**Material for the task**:
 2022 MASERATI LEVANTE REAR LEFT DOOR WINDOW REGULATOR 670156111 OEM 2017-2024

* * *

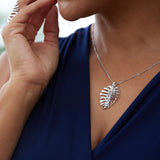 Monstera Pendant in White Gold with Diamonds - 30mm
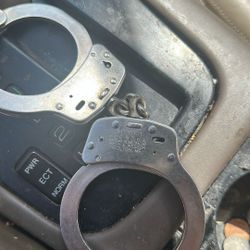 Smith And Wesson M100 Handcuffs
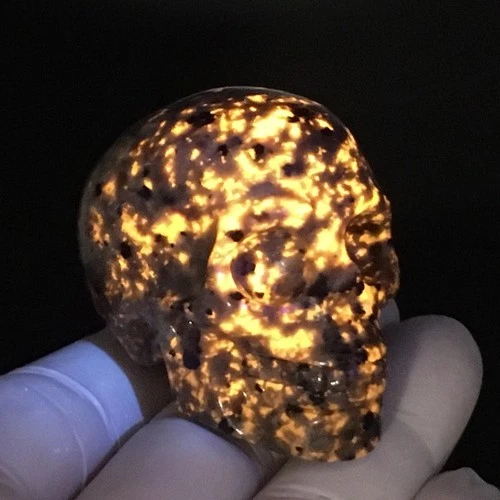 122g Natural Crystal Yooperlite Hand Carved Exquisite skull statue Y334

**Task objective**: What's needed is an exact copy of the lines above from the one with "Monstera Pendant in" through the one with "122g Natural Crystal", both included; the pictures stay out.

**Reply**:
 Monstera Pendant in White Gold with Diamonds - 30mm
 Smith And Wesson M100 Handcuffs
 122g Natural Crystal Yooperlite Hand Carved Exquisite skull statue Y334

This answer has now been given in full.